▶ Listed entries
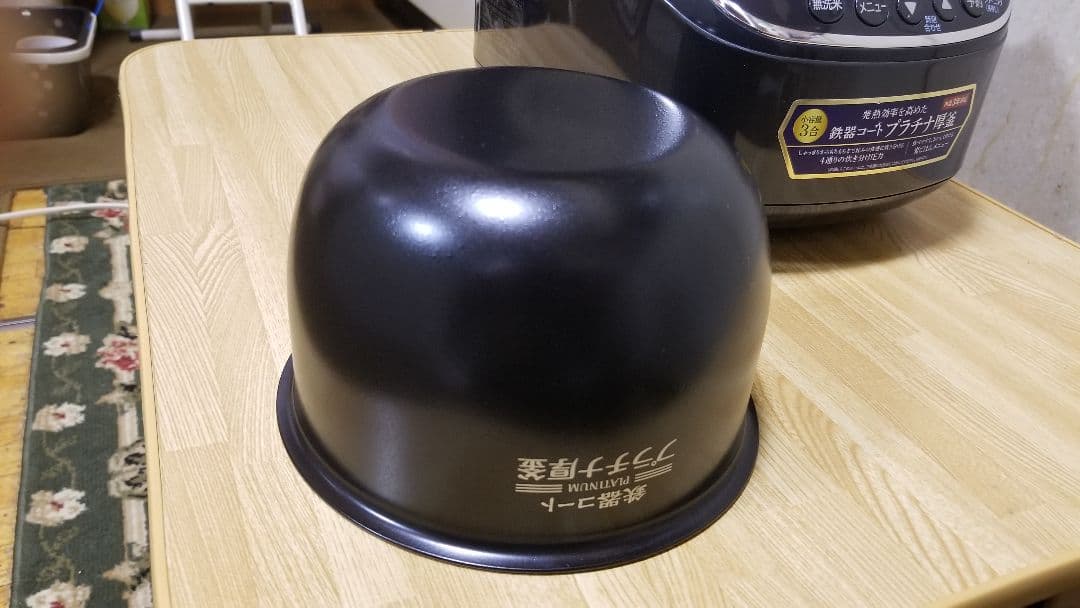 ☆2024年製☆美品☆象印圧力IH炊飯器 極め炊き バックライト液晶画面搭載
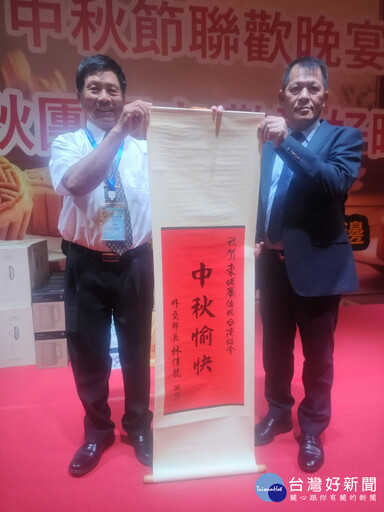 柬埔寨台商辦中秋晚會 林佳龍匾額送暖鼓勵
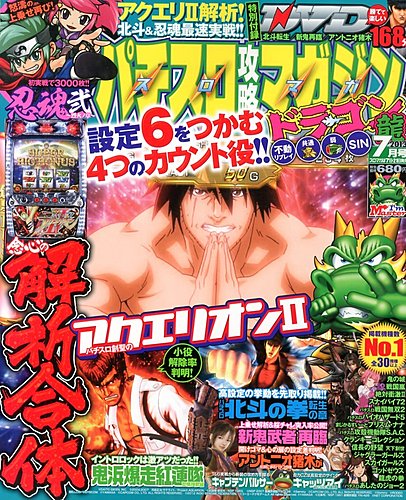 パチスロ攻略マガジン ドラゴン 7月号 (発売日2013年05月21日) | 雑誌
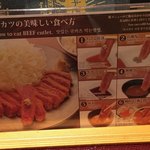 牛カツの美味しい食べ方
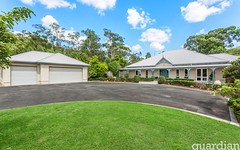 1 Friends Place, North Kellyville NSW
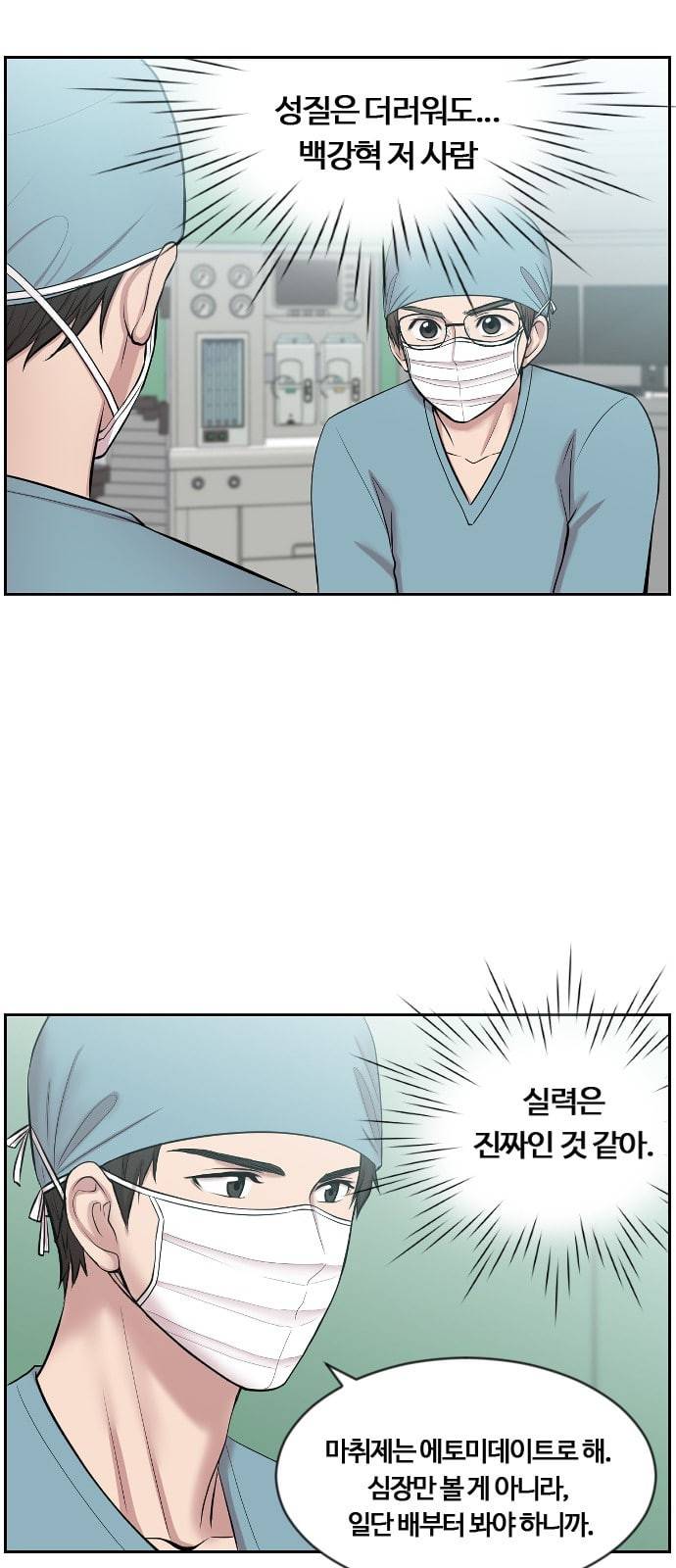 중증외상센터 골든 아워 2화 미친개 43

▶ Work order
Copy word for word every line from the one holding "牛カツの美味しい食べ方" to the end of the listing, both ends included, but do not copy any pictures.

▶ Task answer
 牛カツの美味しい食べ方
 1 Friends Place, North Kellyville NSW
 중증외상센터 골든 아워 2화 미친개 43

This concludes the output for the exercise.